In our study, no serious complication was observed; whereas, one-third of diazepam group developed mild complications. These findings are consistent with previous studies reporting the prevalence of almost 9%-37% for diazepam complications (10, 22, 24-27). The rate of mild complications was higher in the topiramate group. Since many of our subjects were included for having a history of phenobarbital-induced skin allergy, this background can justify 4 cases with skin allergy in topiramate group.

Although this study suggested diazepam as a medicine with minimum complications, implementation of it into normal population would probably result in even lower number of complications. Despite this, the prevalence of 11%-56% was reported for topiramate complications; whereas, some of these complications were observed in less than half of our subjects (28-31).

In conclusion, despite having mild complications, topiramate can be used as an alternative medicine for children with a high risk of recurrent febrile seizure, when phenobarbital and diazepam cannot be used. For having fewer complications, daily dose of diazepam during fever episodes is a better choice; however, it is not adequately efficient in the early hours after the onset of fever and or for low-grade fevers. Further studies are recommended to compare topiramate with other medicines such as phenobarbital, using a larger sample size.

Acknowledgment

The authors are grateful to the Deputy of Research and Technology of Hamadan University of Medical Sciences for financial and operational support. Hereby, we thank all patients and parents for their cooperation in this study.

Authors' Contribution

Afshin Fayyazi: Conception and design, data collection, analysis and interpretation, writing the article, final approval of the article.
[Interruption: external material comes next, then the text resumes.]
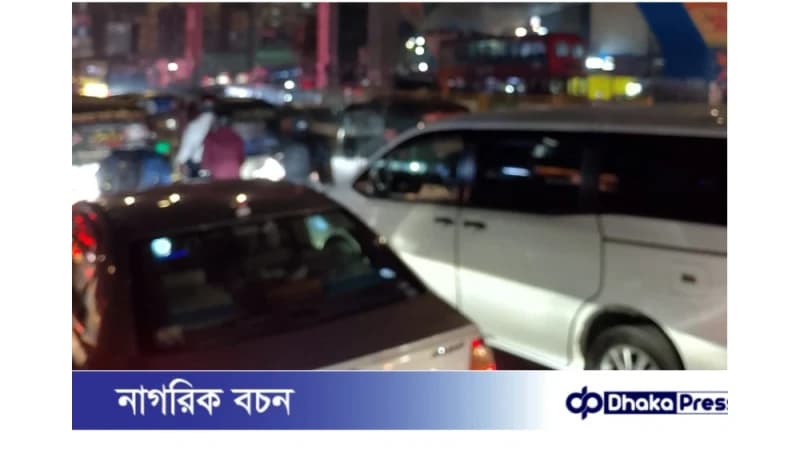 ঢাকা শহরের ট্রাফিক জ্যাম: অফিসগামী মানুষের দৈনন্দিন ভোগান্তি ঢাকা শহরের ট্রাফিক জ্যাম: অফিসগামী মানুষের দৈনন্দিন ভোগান্তি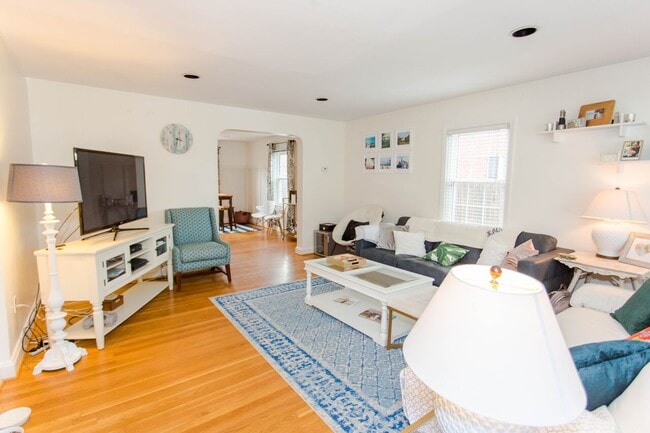 978 Radcliffe Rd in Towson, MD - Foto de edificio - Building Photo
Ali Khajeh: Helping in manuscript writing and editing, Ashraf Baghbani: Data collection, statistical analysis.

All authors agreed to be accountable for all aspects of the work in ensuring that questions related to the accuracy or integrity of any part of the work are appropriately investigated and resolved.

Conflict of interest

The authors declare that there is no conflict of interest.